Finora, tuttavia, l’Europa ha fallito miseramente su questo fronte pagando un prezzo alto. In molti paesi, le forze politiche nazionaliste e anti-establishment hanno infatti guadagnato terreno. Nel Regno Unito un forte sentimento di frustrazione nei confronti dello status quo ha alimentato il voto del 2016 a favore dell’uscita dall’UE e un sentimento simile sta ora indebolendo i governi di Francia e Germania. In Italia, invece, questo sentimento ha contribuito alla vittoria di un governo di coalizione populista. A questo punto, è difficile individuare delle soluzioni percorribili a favore dell’integrazione europea, per non parlare di una leadership politica in grado di implementarla.
La situazione non è migliore negli Stati Uniti. Come in Europa, il divario tra chi ha un reddito medio e chi ha un reddito elevato, così come tra chi vive nelle città principali e chi nel resto del paese, sta aumentando rapidamente. Ciò ha contribuito a inasprire il rifiuto degli elettori nei confronti dei politici dell’establishment aprendo quindi la strada alla vittoria nel 2016 del Presidente statunitense Donald Trump che da allora ha messo la frustrazione degli elettori al servizio dell’attuazione di politiche che non possono far altro che peggiorare la disuguaglianza.
Nel lungo termine, dei modelli di crescita non inclusivi e persistenti possono produrre una paralisi delle politiche o delle oscillazioni da un’agenda politica relativamente estrema ad un’agenda politica opposta altrettanto estrema.L’America latina, ad esempio, ha un’esperienza consolidata con i governi populisti che portano avanti dei programmi non sostenibili a livello fiscale favorendo i fattori della distribuzione rispetto agli investimenti a sostegno della crescita. Inoltre, l’America latina ha un’esperienza notevole anche rispetto a transizioni improvvise verso modelli estremi basati sul mercato che trascurano il ruolo complementare che il governo e il settore privato svolgono necessariamente per favorire una crescita solida.
Una maggiore polarizzazione politica ha anche portato a un approccio conflittuale nelle relazioni internazionali, il che potrebbe comportare degli effetti negativi sulla crescita globale indebolendo la capacità mondiale di modificare le norme che regolano il commercio, gli investimenti, la circolazione delle persone e l’informazione. Oltretutto un simile contesto non farà altro che ostacolare la capacità di gestire delle sfide a lungo termine a livello mondiale, come il cambiamento climatico e la riforma del mercato del lavoro.

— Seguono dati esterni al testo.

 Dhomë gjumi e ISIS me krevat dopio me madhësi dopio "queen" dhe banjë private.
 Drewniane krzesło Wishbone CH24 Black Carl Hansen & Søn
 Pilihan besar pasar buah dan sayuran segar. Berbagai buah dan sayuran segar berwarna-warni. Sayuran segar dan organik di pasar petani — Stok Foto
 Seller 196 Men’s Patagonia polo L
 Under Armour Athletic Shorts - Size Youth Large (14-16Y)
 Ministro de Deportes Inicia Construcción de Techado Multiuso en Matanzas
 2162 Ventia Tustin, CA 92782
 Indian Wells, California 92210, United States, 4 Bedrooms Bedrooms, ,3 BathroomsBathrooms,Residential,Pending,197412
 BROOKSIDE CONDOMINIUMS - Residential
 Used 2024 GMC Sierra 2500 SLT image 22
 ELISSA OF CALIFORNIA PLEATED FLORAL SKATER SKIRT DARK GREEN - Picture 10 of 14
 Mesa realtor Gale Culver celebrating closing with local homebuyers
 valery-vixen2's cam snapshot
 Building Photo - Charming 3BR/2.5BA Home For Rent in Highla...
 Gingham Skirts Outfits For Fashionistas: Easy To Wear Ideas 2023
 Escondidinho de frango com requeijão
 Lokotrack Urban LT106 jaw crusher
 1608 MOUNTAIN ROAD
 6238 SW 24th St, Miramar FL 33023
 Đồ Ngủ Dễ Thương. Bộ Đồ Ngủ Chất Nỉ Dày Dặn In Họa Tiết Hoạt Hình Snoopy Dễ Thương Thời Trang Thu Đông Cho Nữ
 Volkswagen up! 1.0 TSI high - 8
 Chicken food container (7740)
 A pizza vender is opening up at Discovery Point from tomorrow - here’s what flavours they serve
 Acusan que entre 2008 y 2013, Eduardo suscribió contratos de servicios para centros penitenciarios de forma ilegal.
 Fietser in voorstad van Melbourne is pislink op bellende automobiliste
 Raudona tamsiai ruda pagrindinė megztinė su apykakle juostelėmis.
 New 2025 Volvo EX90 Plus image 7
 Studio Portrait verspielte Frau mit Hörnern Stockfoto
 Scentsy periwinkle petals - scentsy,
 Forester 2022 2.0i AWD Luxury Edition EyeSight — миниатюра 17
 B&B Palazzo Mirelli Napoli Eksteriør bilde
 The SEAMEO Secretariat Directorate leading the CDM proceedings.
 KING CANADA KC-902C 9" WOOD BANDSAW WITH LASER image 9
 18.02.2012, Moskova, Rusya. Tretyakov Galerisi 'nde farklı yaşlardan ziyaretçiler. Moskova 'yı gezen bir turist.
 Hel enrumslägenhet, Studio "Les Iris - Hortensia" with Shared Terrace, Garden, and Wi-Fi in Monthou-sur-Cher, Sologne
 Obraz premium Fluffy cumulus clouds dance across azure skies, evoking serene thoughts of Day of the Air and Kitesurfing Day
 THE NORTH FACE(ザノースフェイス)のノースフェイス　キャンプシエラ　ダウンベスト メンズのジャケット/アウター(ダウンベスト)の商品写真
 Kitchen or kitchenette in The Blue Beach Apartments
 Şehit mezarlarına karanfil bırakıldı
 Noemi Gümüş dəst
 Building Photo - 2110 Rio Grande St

Ma per tornare all’inizio, le lezioni principali derivate dall’esperienza dei paesi un tempo in via di sviluppo e ora sviluppati è che la sostenibilità nel senso ampio e l’inclusività sono inestricabilmente legate. Inoltre, i fallimenti su larga scala in relazione all’inclusione compromettono le riforme e gli investimenti che sostengono una crescita a lungo termine. Il progresso economico e sociale dovrebbe quindi essere perseguito in modo efficace non con un semplice elenco di politiche e riforme, ma con una strategia e un’agenda che comportino un’attenta programmazione e tempistica delle riforme e che dedichino maggiore attenzione alle conseguenze in termini di distribuzione.
La parte più difficile dello sviluppo di strategie inclusive è sia non riuscire a individuare quali sono gli obiettivi finali, sia non capire come delineare il percorso per raggiungerli. La realtà è che questi aspetti sono di fatto molto complessi, ecco perché delle competenze adeguate di leadership e di sviluppo delle politiche sono assolutamente essenziali.
Michael Spence – Project-Syndicate gennaio 2020
* Michael Spence è un economista statunitense, insignito del Premio Nobel per l’economia nel 2001 insieme a Joseph E. Stiglitz e George A. Akerlof per le loro analisi dei mercati con informazione asimmetrica. Oggi insegna alla New York University.